** Opening Recorded information block **

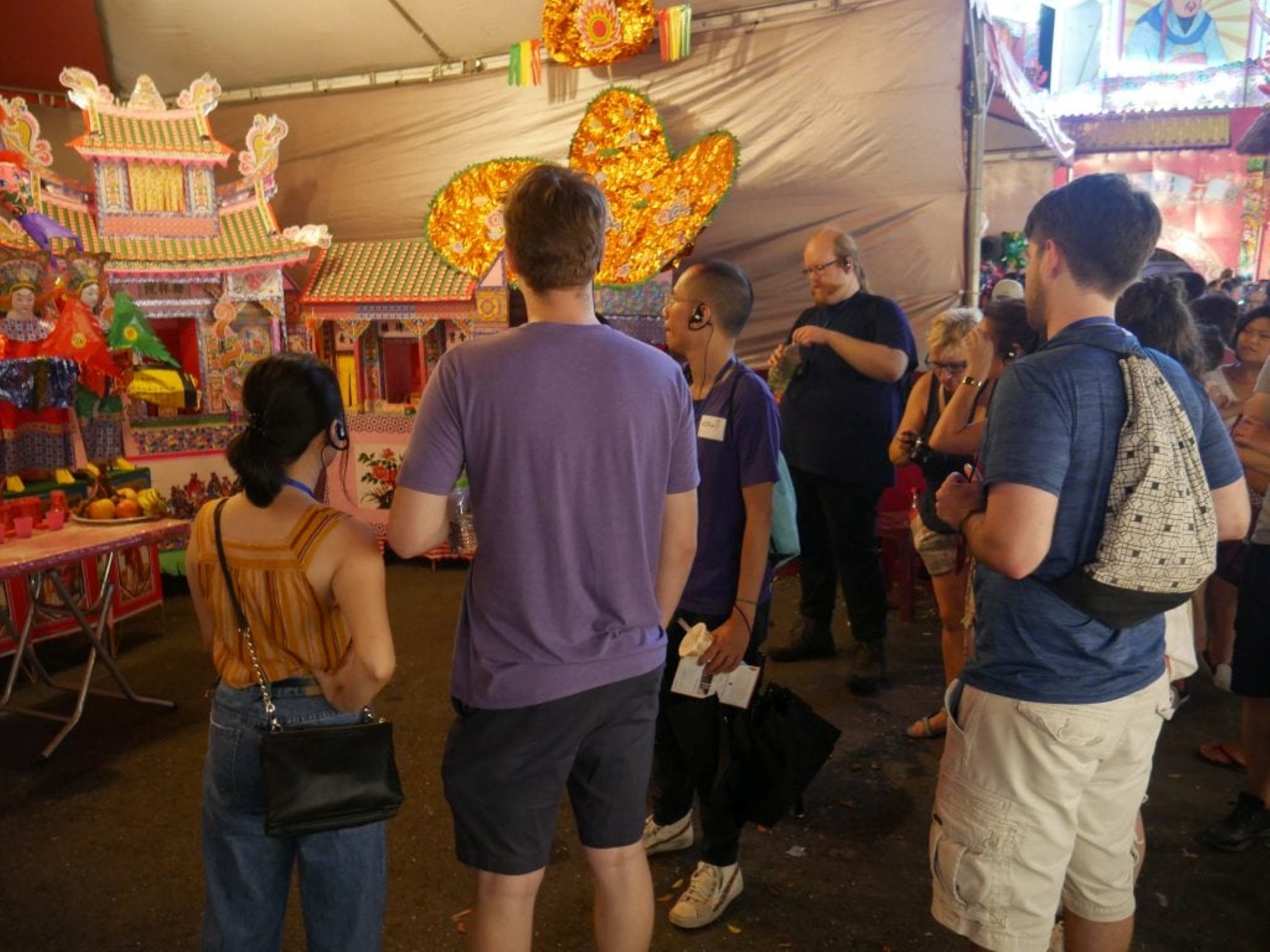 基隆雨都青年壯遊點邀請國內外青年走入鷄籠中元祭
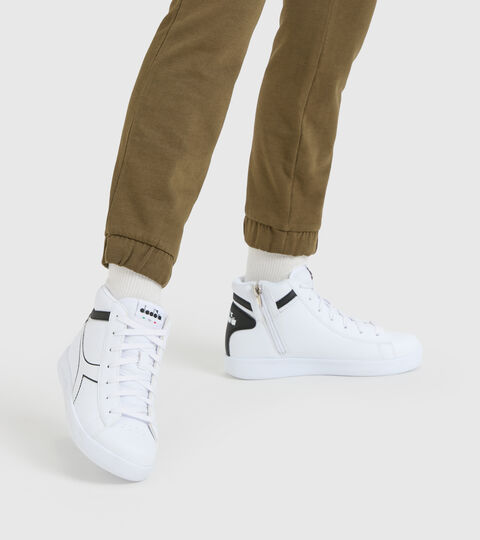 GAME P HIGH GS, WHITE/WHITE/BLACK Sports shoes - Youth 8-16 years GAME P HIGH GS WHITE/WHITE/BLACK - Diadora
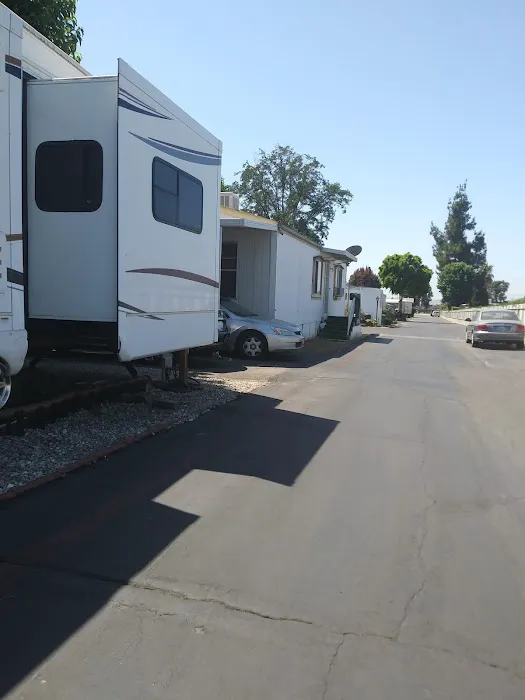 Valley Rancho Mobile Park Picture 10
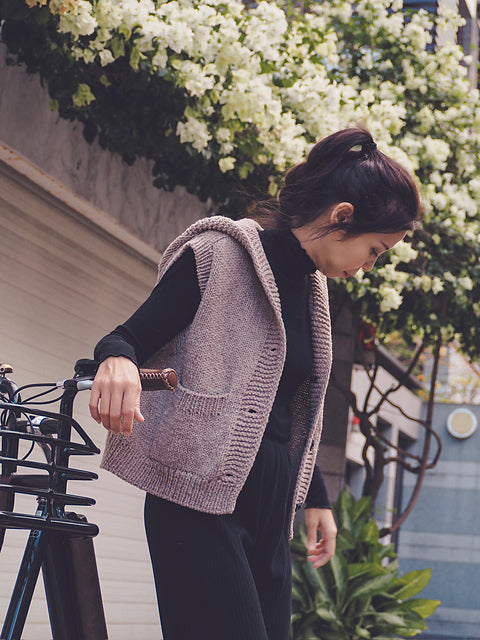 Hooded Vest Knitting Pattern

** Closing Recorded information block **

[Prompt] Leave the pictures out and restate the listing word for word.

[Expected output]
 基隆雨都青年壯遊點邀請國內外青年走入鷄籠中元祭
 GAME P HIGH GS, WHITE/WHITE/BLACK Sports shoes - Youth 8-16 years GAME P HIGH GS WHITE/WHITE/BLACK - Diadora
 Valley Rancho Mobile Park Picture 10
 Hooded Vest Knitting Pattern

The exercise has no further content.